Samuel Pinaz, 17 Jahre alt, bricht mit dem Abi in der Tasche von Hong Kong nach Deutschland auf. Er trifft auf Fabienne, die Teil einer aufständischen Organisation ist, die das kapitalistische Finanzsystem in die Knie zwingen will. Samuels Vater, ein erfolgreicher Wirtschaftmathematiker, steht derweil ganz oben auf der Liste eines Auftragkillers. Und die Quelle allen Übels ist das Geld.

Die Handlung spielt im Jahr 2017 und ist hochaktuell, meint Elsäßer. „Das System ist ein Chaos“, sagt er über den Kapitalismus. Es könne nicht immer nur um Wachstum gehen. Die Flüchtlingskrise würde gerade eindringlich beweisen, dass es im globalen Wirtschaftssystem nicht so weitergehen könne, wie bisher. „Was ist man bereit, von seinem Luxus abzugeben?
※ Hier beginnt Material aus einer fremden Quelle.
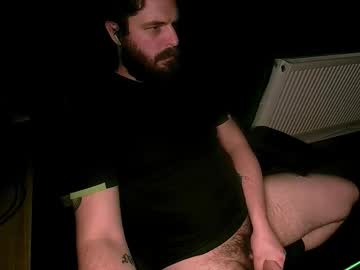 Roughwonder Chaturbate stream image from November 30, 2025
Die einzige Möglichkeit ist, dass wir drastisch teilen mit dem Rest der Welt“, ist Elsäßer überzeugt.

Die Botschaft ist klar. Und ein Roman wie „One“ könnte eine Chance für Jugendliche sein, sich dem Thema anzunähern und einen eigenen Standpunkt zu entwickeln. Elsäßer hält mit seiner linken politischen Grundeinstellung nicht hinter dem Berg, deswegen ist er auch nicht manipulativ. Auch Jugendliche sind in der Lage diesen Roman kritisch zu lesen. Er bietet die Chance, nicht nur das kapitalistische Finanzsystem zu hinterfragen, sondern auch den Autor selbst.
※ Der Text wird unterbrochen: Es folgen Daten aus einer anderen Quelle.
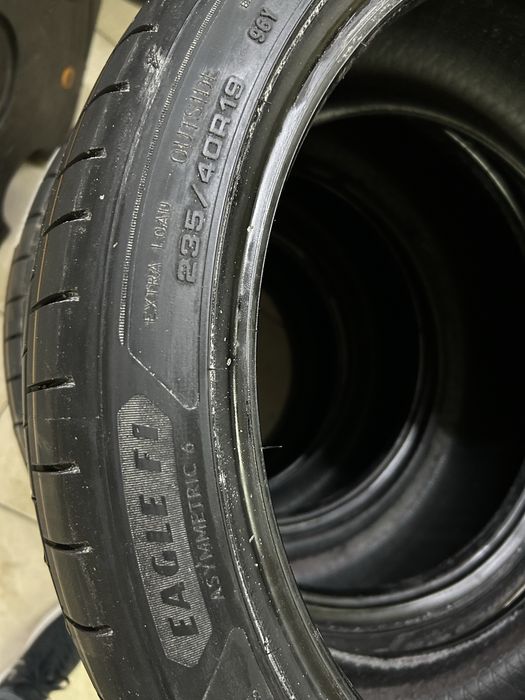 235/40R19 - нови летни Goodyear
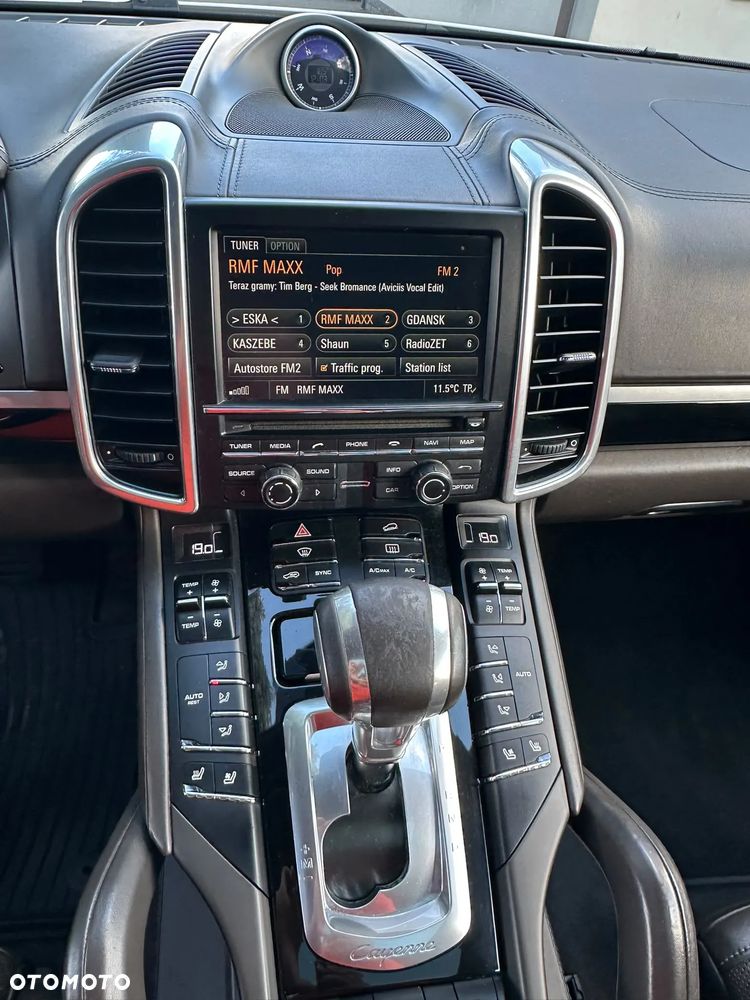 Porsche Cayenne Diesel Platinum Edition - 25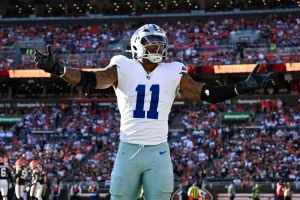 Micah Parsons Contract Dispute Heats Up as Cowboys Face Potential Holdout and Trade Rumors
Kajun, eine Hauptfigur des Romans, arbeitet als Auftragskiller. Provokant stellt der Schriftsteller die These auf, dass wir alle indirekt Mörder sind, wenn wir beispielsweise Kleidung kaufen, die in Bangladesh unter unverantwortbaren Arbeitsbedingungen hergestellt wurden. So drastische Vergleiche bieten die Chance, sich vom Roman hinter dem eine leidenschaftliche Überzeugung steht, nicht nur mitreißen zu lassen, sondern auch kritische Distanz zu wahren.

Elsäßer, der ebenso Musiker und freier Journalist ist, hat einen Soundtrack zum Buch geschrieben. Ruhig und mit Gitarrenbegleitung lässt er diesen aufrüttelnden Abend ausklingen.